Now we find that life is thriving throughout the earth,
on rocks, down through the crust of the earth.
And that oceans interact with our land masses,
changing their shapes.
And where does the ocean,
where does the atmosphere get its water? Further,
it gets it from the ocean. This is an entire system. So since then, nobody draws Earth without clouds. So I declare by authority vested in me, by the universe universe and most specifically by the cosmic perspective that if someone wants
to say that living on earth's surface beneath 15 pounds per square inch of atmospheric mass
if they want to say we live in the earth i'm all for it
otherwise you'd have to say Earth does not include the atmosphere,
and I'm not prepared to do that.
Oh.
So, we do live.
But I think I justified it, right?
I didn't just say, here's my opinion.
No, here's why it makes sense.
And by the way, Earth's atmosphere is so thin.
it makes sense.
And by the way,
Earth's atmosphere is so thin.
Earth's atmosphere
is to Earth
as the skin of an apple
is to the apples.
That's just terrible.
Okay.
I mean,
the way we treat the atmosphere,
that's why I say it's terrible.
Oh, yeah, right, right.
You think you're in the bottom
of a large ocean?
No.
You're at the bottom
of a really skinny,
skinny thing
and just because you're
little that it looks big. Right. But when you're big, it looks little. Wow. It is. So we live in
earth people. In earth. Yeah. Which makes sense because this is a spaceship hurling through space.

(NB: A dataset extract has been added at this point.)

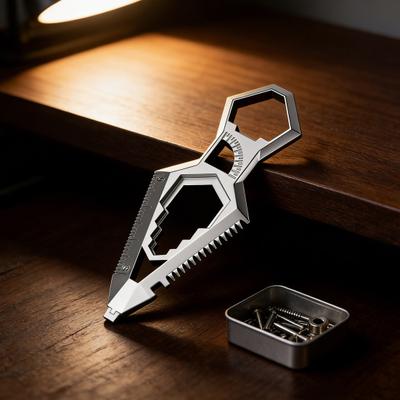 1/2 Bucăți Inox 9-în-1 Breloc Deschizător de Sticle Portabil Raportor Riglă Șurubelniță Cheie Pârghie Instrument EDC de Buzunar Multifuncțional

Correct. So you wouldn't travel on a spaceship. You'd travel in a spaceship. Yes. Correct. As
George Carlin clearly noted,
where he gets, you might be getting on the plane,
he's getting in the plane.
I never heard that. You never heard that?
Oh, that's in his airplane segment.
Okay, I like it.
Okay, look at that. Sorry,
Maddie Rose Madden.
You're going to be mad
when you hear this.
So do you live in a city or on a city?
Well, see, I live in a city.
No, no.
See, the city has a grid
and you're standing on the grid of the city, right?
Yeah.
You're in three dimensions.
If you were flat and you crossed the border of the city,
you'd be in the city.
But you stand up above the city.
You're on the city.
Okay.
What do you think of that?
I'm down to be on the city.
What do you think of that?
I'm on the town, baby.
All right.
All right.
That sounds good.
how about uh it's sasha 2020 from tiktok says this okay um are there time machines now specifically i i'm taking this question seriously because I've heard you speak to this.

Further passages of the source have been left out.